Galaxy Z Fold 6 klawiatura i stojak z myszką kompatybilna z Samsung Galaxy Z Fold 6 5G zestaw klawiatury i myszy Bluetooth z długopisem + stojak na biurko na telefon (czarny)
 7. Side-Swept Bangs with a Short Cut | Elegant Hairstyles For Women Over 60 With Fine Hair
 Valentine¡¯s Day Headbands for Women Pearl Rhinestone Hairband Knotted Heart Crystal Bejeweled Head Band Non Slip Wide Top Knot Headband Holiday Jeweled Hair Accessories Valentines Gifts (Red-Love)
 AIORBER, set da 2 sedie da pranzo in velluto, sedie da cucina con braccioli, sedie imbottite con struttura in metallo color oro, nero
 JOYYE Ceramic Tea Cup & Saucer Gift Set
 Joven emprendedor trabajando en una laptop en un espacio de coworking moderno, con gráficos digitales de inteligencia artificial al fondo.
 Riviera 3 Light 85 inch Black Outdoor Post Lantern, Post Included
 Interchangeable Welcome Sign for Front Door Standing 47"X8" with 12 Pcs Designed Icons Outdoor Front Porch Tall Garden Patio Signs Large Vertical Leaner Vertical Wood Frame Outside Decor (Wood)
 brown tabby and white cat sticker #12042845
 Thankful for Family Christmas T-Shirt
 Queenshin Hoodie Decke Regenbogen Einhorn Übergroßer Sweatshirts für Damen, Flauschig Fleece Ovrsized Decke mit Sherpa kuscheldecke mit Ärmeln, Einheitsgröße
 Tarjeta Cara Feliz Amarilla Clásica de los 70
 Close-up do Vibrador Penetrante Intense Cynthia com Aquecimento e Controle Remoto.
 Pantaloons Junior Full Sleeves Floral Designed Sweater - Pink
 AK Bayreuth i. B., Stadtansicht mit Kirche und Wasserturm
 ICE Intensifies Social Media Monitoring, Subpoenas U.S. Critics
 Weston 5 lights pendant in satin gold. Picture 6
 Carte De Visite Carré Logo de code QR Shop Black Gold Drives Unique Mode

What you need to do: Only the lines from the first line of the material above through the line that contains "Queenshin Hoodie Decke" should be quoted, each one exactly.

Solution to the problem:
Galaxy Z Fold 6 klawiatura i stojak z myszką kompatybilna z Samsung Galaxy Z Fold 6 5G zestaw klawiatury i myszy Bluetooth z długopisem + stojak na biurko na telefon (czarny)
 7. Side-Swept Bangs with a Short Cut | Elegant Hairstyles For Women Over 60 With Fine Hair
 Valentine¡¯s Day Headbands for Women Pearl Rhinestone Hairband Knotted Heart Crystal Bejeweled Head Band Non Slip Wide Top Knot Headband Holiday Jeweled Hair Accessories Valentines Gifts (Red-Love)
 AIORBER, set da 2 sedie da pranzo in velluto, sedie da cucina con braccioli, sedie imbottite con struttura in metallo color oro, nero
 JOYYE Ceramic Tea Cup & Saucer Gift Set
 Joven emprendedor trabajando en una laptop en un espacio de coworking moderno, con gráficos digitales de inteligencia artificial al fondo.
 Riviera 3 Light 85 inch Black Outdoor Post Lantern, Post Included
 Interchangeable Welcome Sign for Front Door Standing 47"X8" with 12 Pcs Designed Icons Outdoor Front Porch Tall Garden Patio Signs Large Vertical Leaner Vertical Wood Frame Outside Decor (Wood)
 brown tabby and white cat sticker #12042845
 Thankful for Family Christmas T-Shirt
 Queenshin Hoodie Decke Regenbogen Einhorn Übergroßer Sweatshirts für Damen, Flauschig Fleece Ovrsized Decke mit Sherpa kuscheldecke mit Ärmeln, Einheitsgröße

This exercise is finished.